Task goal |
Only the lines from the line containing "Forever 21 Gray Long Sleeve Crop Top" to the end of the records, both included, belong in the answer, copied exactly.

+ + + + +

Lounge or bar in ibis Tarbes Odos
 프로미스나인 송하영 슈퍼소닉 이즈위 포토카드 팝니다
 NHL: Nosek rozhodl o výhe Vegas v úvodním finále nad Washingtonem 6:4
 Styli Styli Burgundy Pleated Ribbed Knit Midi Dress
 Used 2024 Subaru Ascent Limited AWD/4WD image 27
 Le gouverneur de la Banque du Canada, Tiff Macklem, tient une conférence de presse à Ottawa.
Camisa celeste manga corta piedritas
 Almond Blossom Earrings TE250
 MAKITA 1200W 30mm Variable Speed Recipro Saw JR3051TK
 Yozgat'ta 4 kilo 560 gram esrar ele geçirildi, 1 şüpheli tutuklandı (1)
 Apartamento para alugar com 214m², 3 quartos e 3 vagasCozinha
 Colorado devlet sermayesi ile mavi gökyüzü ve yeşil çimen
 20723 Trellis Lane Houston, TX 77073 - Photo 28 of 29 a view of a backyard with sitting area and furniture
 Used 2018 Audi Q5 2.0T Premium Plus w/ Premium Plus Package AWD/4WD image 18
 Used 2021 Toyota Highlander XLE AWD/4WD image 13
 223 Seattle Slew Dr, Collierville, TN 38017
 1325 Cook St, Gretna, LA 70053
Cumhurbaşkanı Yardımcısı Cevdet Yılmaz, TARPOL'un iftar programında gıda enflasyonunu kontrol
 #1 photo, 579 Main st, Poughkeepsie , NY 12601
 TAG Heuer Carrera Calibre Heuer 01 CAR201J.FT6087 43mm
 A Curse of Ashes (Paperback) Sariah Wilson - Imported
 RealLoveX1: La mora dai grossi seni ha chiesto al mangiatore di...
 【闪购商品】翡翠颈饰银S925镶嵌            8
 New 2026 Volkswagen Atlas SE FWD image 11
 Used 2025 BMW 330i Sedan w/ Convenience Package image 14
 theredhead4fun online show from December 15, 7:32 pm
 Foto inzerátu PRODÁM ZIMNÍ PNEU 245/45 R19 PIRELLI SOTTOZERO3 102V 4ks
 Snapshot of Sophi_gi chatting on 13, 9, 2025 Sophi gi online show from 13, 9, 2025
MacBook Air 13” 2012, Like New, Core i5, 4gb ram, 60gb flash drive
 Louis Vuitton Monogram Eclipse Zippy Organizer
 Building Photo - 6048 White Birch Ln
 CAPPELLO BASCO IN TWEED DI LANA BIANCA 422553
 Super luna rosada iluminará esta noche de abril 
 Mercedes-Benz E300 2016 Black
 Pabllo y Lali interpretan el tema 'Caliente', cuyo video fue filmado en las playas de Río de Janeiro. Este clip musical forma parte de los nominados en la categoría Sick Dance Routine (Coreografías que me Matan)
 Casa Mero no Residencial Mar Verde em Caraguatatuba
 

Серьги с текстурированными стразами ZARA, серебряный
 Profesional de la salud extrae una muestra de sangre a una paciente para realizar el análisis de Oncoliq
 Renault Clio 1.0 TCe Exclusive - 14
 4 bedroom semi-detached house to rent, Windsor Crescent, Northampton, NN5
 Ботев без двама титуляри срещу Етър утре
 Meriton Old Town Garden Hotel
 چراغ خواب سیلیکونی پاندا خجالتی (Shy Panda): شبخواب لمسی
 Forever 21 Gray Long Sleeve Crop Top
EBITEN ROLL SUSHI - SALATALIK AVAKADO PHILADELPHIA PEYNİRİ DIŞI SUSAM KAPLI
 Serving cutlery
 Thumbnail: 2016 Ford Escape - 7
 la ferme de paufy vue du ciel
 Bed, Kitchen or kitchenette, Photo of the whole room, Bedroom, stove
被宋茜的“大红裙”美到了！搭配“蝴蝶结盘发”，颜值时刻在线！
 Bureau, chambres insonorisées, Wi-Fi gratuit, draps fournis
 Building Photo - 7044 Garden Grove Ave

+ + + + +

Final answer |
 Forever 21 Gray Long Sleeve Crop Top
EBITEN ROLL SUSHI - SALATALIK AVAKADO PHILADELPHIA PEYNİRİ DIŞI SUSAM KAPLI
 Serving cutlery
 Thumbnail: 2016 Ford Escape - 7
 la ferme de paufy vue du ciel
 Bed, Kitchen or kitchenette, Photo of the whole room, Bedroom, stove
被宋茜的“大红裙”美到了！搭配“蝴蝶结盘发”，颜值时刻在线！
 Bureau, chambres insonorisées, Wi-Fi gratuit, draps fournis
 Building Photo - 7044 Garden Grove Ave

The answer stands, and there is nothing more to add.